JPMorgan Chase (JPM) Options Signal Bullish Breakout Potential: Focus on $320 Call Wall and Strategic Entry Zones

Generated by AI AgentOptions FocusReviewed byAInvest News Editorial Team
Friday, Dec 12, 2025 1:37 pm ET2min read
Aime RobotAime Summary

- JPM’s stock rises 0.45% with bullish technical indicators and MACD crossover.

- Options data shows heavy call open interest at $320 (2,952 contracts) and $360 (7,311 OI), signaling aggressive bullish bets.

- Mixed news on 2026 expense hikes and Todd Combs’ hiring contrasts with strong options flow favoring near-term upside.

- Key support/resistance levels ($309.20-$320.27) and a 1.02 put/call ratio highlight volatility risks and strategic trading opportunities.

  • JPM is trading at $318.81, up 0.45% with a short-term bullish Kline pattern and MACD crossing above the signal line.
  • Options data shows heavy call open interest at $320 (2,952 contracts) and $330 (2,716) for Friday expiration, while next Friday’s $360 call (7,311 OI) hints at aggressive bullish bets.
  • Recent news about 2026 expense hikes and Todd Combs’ hiring creates a mixed narrative, but technicals and options flow still favor a near-term upside push.

The options market is whispering a breakout story.
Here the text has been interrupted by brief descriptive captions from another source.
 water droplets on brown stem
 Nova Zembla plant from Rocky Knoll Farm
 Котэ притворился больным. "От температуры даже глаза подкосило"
With hovering near its 30-day moving average ($308.96) and trading above the 200-day line ($280.46), the charts scream long-term bullish momentum. But today’s options activity adds a sharper edge: a wall of calls at $320 and a gaping put/call ratio of 1.02 suggest traders are hedging for volatility while leaning into upside potential.The Options Imbalance: A Bullish Battle Plan

Let’s start with the numbers. This Friday’s $320 call (

) has 2,952 open contracts—the highest of any OTM strike. That’s not just noise; it’s a price level where major players are likely locking in profits or testing resistance. Meanwhile, next Friday’s $360 call () has 7,311 OI, a staggering figure for a strike 13% above current price. Why? Because big money is betting on a sharp move, possibly driven by Todd Combs’ strategic impact or a rebound in investment banking fees.

But don’t ignore the puts. The $300 put (

) has 2,160 OI, and next Friday’s $265 put () has 5,075 OI. This isn’t a one-sided story—there’s a clear risk of a pullback if earnings or guidance disappoint. The balanced put/call ratio (1.02) means the market isn’t leaning hard in either direction… yet.

News vs. Charts: A Tug-of-War for JPM’s Future

The recent headlines are a mixed bag. Marianne Lake’s $105B expense warning could pressure margins, but Todd Combs’ arrival and the ADGM expansion signal long-term confidence. Here’s the kicker: the options market isn’t pricing in a collapse. The heavy call buying suggests traders expect the stock to outperform despite near-term costs. Think of it like a boxer: the opponent (expenses) has a strong jab, but the fighter (JPM) has a history of absorbing punches and coming back stronger.

Actionable Trade Ideas: Calls, Puts, and Precision Entries

For options traders, the most compelling setup is the JPM20251219C320 call. With the stock trading at $318.81, this strike is just $1.19 out of the money. If JPM breaks above its intraday high of $320.27, this option could explode in value. For a conservative play, consider a put spread using the $310 and $300 strikes (

and JPM20251219P300) to hedge against a drop below key support levels.

Stock buyers should focus on entry near $309.20, the 30-day support zone. If JPM holds above $309.65, target a move toward $320.27 (current intraday high) with a stop-loss below $316.60. The RSI at 65.4 suggests the rally isn’t overbought yet, giving bulls room to run.

Volatility on the Horizon: Balancing Risk and Reward

JPM’s story isn’t all sunshine. The expense overhang and weak Q4 banking fees could drag the stock lower if earnings miss. But the options data—and Todd Combs’ strategic moves—hint at a resilient bull case. The key is timing: if the stock breaks $320 cleanly, the $360 call (JPM20251219C360) becomes a moonshot. If it stumbles, the $300 put (JPM20251219P300) offers downside protection. Either way, the market is pricing in a volatile December. Your job? Ride the wave with discipline.